Top of The records
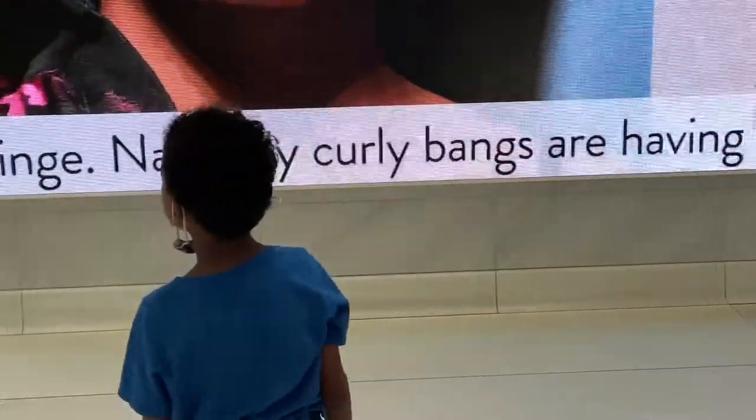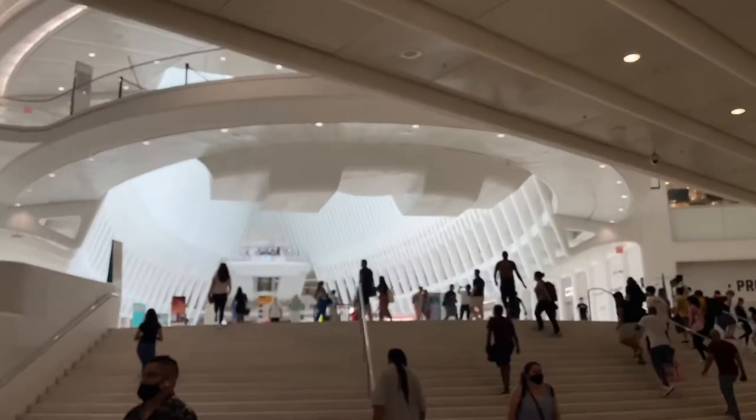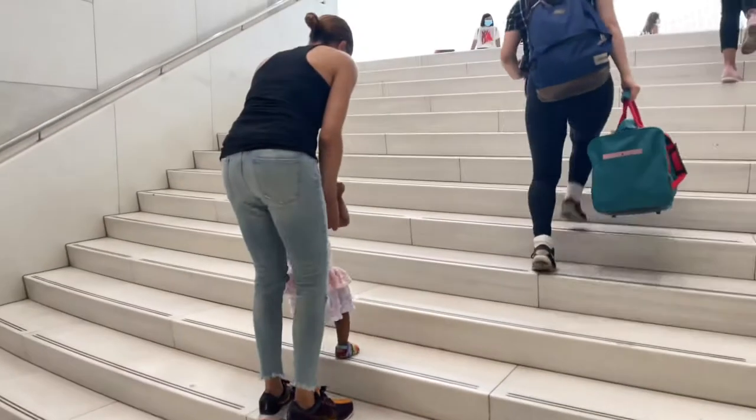Westfield is a very popular mall — they're big in California. Whenever you see Westfield, you know it's high quality. It's like a spaceship in here — I'm glad I brought the family. Little Nala walking the steps — everyone's growing so fast.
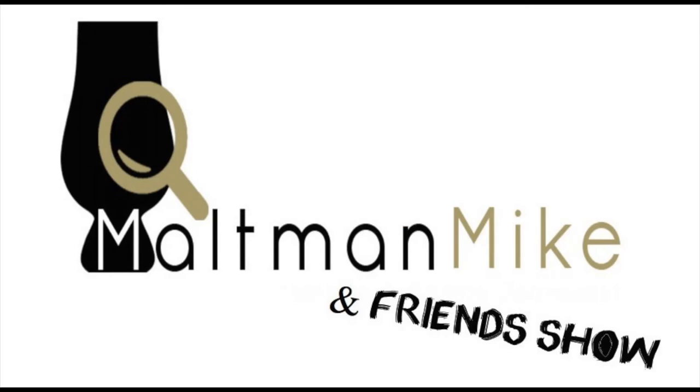Please click subscribe — it really helps us when you do that, and click the bell so you never miss a new Triple M and Friends video.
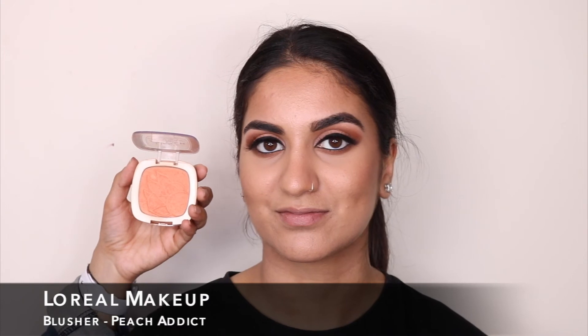Sandy loves this L'Oreal blush - it's called Peach Addict - so I'm going to add that into the face because it actually complements the overall look as well. Sandy, these are kind of colours that you'd wear on a night out right? Yeah totally, I wear this blusher on like a daily basis. This really complements the overall look so we're going to add that on now, on both sides.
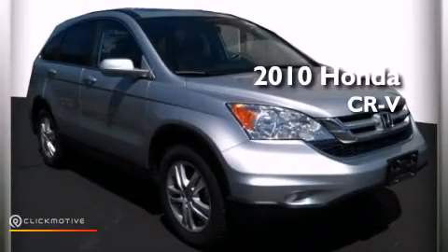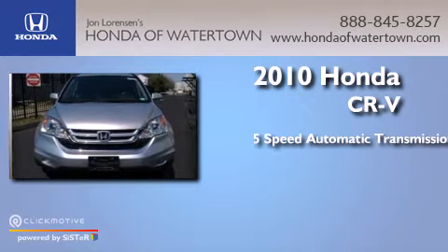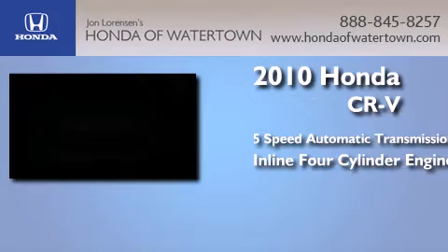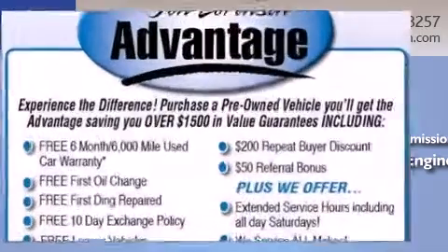This is a 2010 Honda CR-V. This crossover has a five-speed automatic transmission, an inline four-cylinder engine, and the added safety and control of four-wheel drive.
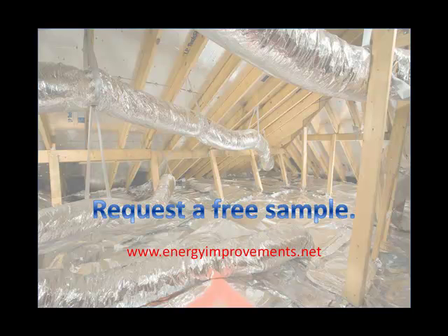You can easily request a free sample of our Radiant Barrier to feel the quality yourself. Research done by scientists at Texas A&M, the Florida Solar Energy Center, to name a few, has proven the effectiveness of Radiant Barrier.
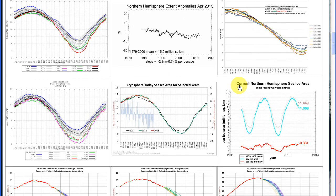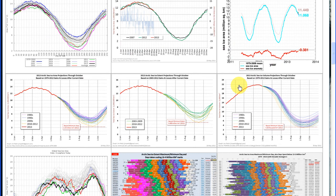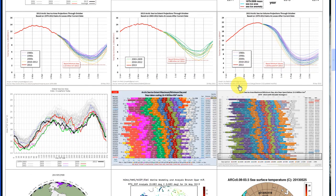I learned something from this and it might come in useful some other time, because videos are very powerful. So maybe I can make some of those in the near future. Enjoy the melting season. Enjoy the Arctic sea ice — it's the only Arctic sea ice you've got.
Bottom of The records
### Work required
Could you repeat all of the entries exactly, without any of the images?

### Written solution
Westfield is a very popular mall — they're big in California. Whenever you see Westfield, you know it's high quality. It's like a spaceship in here — I'm glad I brought the family. Little Nala walking the steps — everyone's growing so fast.
Please click subscribe — it really helps us when you do that, and click the bell so you never miss a new Triple M and Friends video.
Sandy loves this L'Oreal blush - it's called Peach Addict - so I'm going to add that into the face because it actually complements the overall look as well. Sandy, these are kind of colours that you'd wear on a night out right? Yeah totally, I wear this blusher on like a daily basis. This really complements the overall look so we're going to add that on now, on both sides.
This is a 2010 Honda CR-V. This crossover has a five-speed automatic transmission, an inline four-cylinder engine, and the added safety and control of four-wheel drive.
You can easily request a free sample of our Radiant Barrier to feel the quality yourself. Research done by scientists at Texas A&M, the Florida Solar Energy Center, to name a few, has proven the effectiveness of Radiant Barrier.
I learned something from this and it might come in useful some other time, because videos are very powerful. So maybe I can make some of those in the near future. Enjoy the melting season. Enjoy the Arctic sea ice — it's the only Arctic sea ice you've got.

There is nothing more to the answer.